Detailed analysis can be seen here:
|Version||Average FPS on BBC Planet Earth (360x288)||Average FPS on open source videos (1280x720)|
Here I want to show how I improved metric values in all version from the old ones.
Blue line represent values of algorithm's metric on frames, orange - threshold, gray lines represent if algorithm marked this frame as scene change.
Here is the example of the outcome on one of the videos:
The top picture shows original metric values, the bottom one shows metric after improvement.
You can see that the peaks with the scene changes became more distinct, so the threshold is easier to tune.
Here is a list of ideas that I implemented, but they turned out to be impractical:
- Slow version with motion vectors
- Each block is shifted by motion vectors. It slowed down algorithm even more and decreased F score.
- Combining medium version with the slow one
- The idea was to marked frames as scene change if one of version said so. Again, it slowed down algorithm and did not bring any gain to F score.
- Separate metric for flashes
- I implemented a few metrics for flashes detection and deployed them. But ofted flashes occurs several frames in a row and and contains scene change. Because of this it is difficult for algorithm to decide if these flashes contains scene change or not.
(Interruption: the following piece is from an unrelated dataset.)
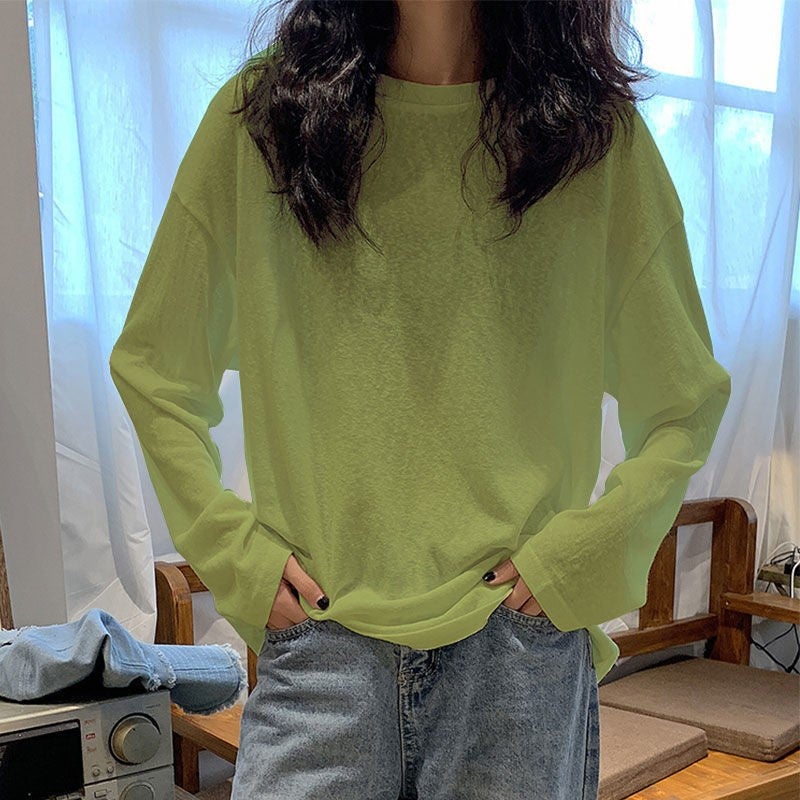 Summer Long-Sleeved T-Shirt For Women 2022 New Sun Protection Clothing For Women Summer Korean Style Loose College Style Ins Thin - Image 3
- Possible dependency on metric values (maximum value on past frames, mean and std values). Current threshold can perform worse then static threshold in some cases. The example is on the picture. It can be seen that threshold varies around the same value. If it took into account the mean value of past frames, for example, it would be more accurate:
- Version based on edge detection
- It can be useful to take into accound another feature of frames - object edges. Combining with existing versions it can boost F score
- Adjusting metric values according to nearest values. For example, by substructing the mean value of surrounding frames.
- Block-based metric improvement
- It may be useful to experiment with the blocks individually rather than just taking the mean value of all them all. For example, if difference between k blocks is near zero algorithm should'n mark this frame as scene change no matter what other blocks has. Or if k blocks have difference about maximum of possible value algorithm mark this frame as scene change no matter what other blocks has.
- Dowsampling for medium and slow versions:
- For videos with high resolution it may be considered to dowsample them to HD or so. This will significantly increase the speed, but will have a small impact on F score.